Extracted entries:
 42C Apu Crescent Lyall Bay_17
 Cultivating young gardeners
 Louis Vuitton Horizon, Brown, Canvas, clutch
...
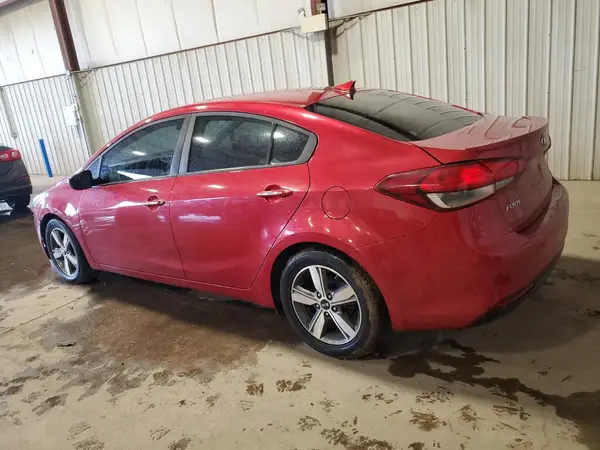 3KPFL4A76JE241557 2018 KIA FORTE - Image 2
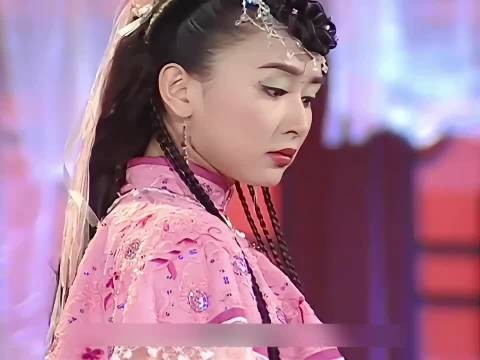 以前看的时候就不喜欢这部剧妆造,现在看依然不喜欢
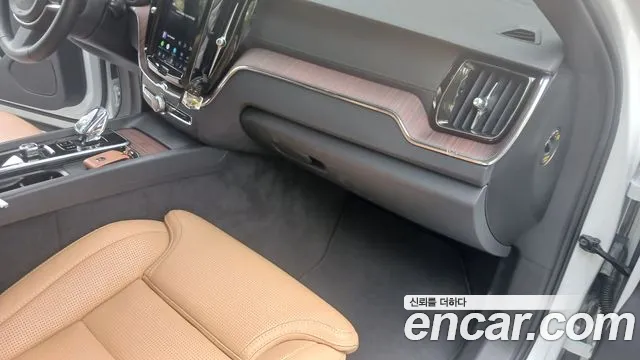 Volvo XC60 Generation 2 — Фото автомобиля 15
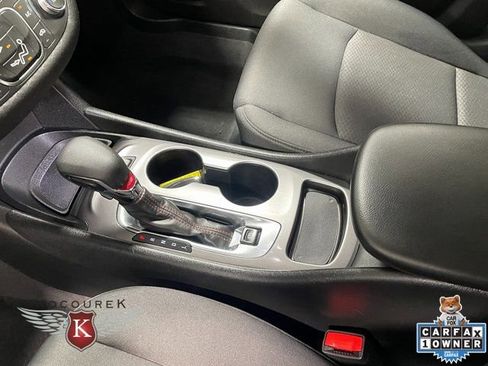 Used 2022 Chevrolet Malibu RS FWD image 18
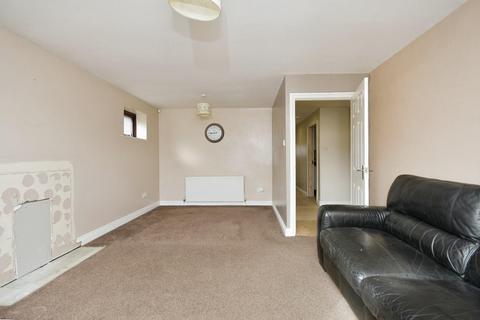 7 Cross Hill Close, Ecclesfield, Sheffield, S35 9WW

Exercise:
Go to the line above holding "3KPFL4A76JE241557 2018 KIA FORTE - Image 2", then copy exactly each line down to and including the one holding "7 Cross Hill", leaving pictures out.

Response for this exercise:
 3KPFL4A76JE241557 2018 KIA FORTE - Image 2
 以前看的时候就不喜欢这部剧妆造,现在看依然不喜欢
 Volvo XC60 Generation 2 — Фото автомобиля 15
 Used 2022 Chevrolet Malibu RS FWD image 18
 7 Cross Hill Close, Ecclesfield, Sheffield, S35 9WW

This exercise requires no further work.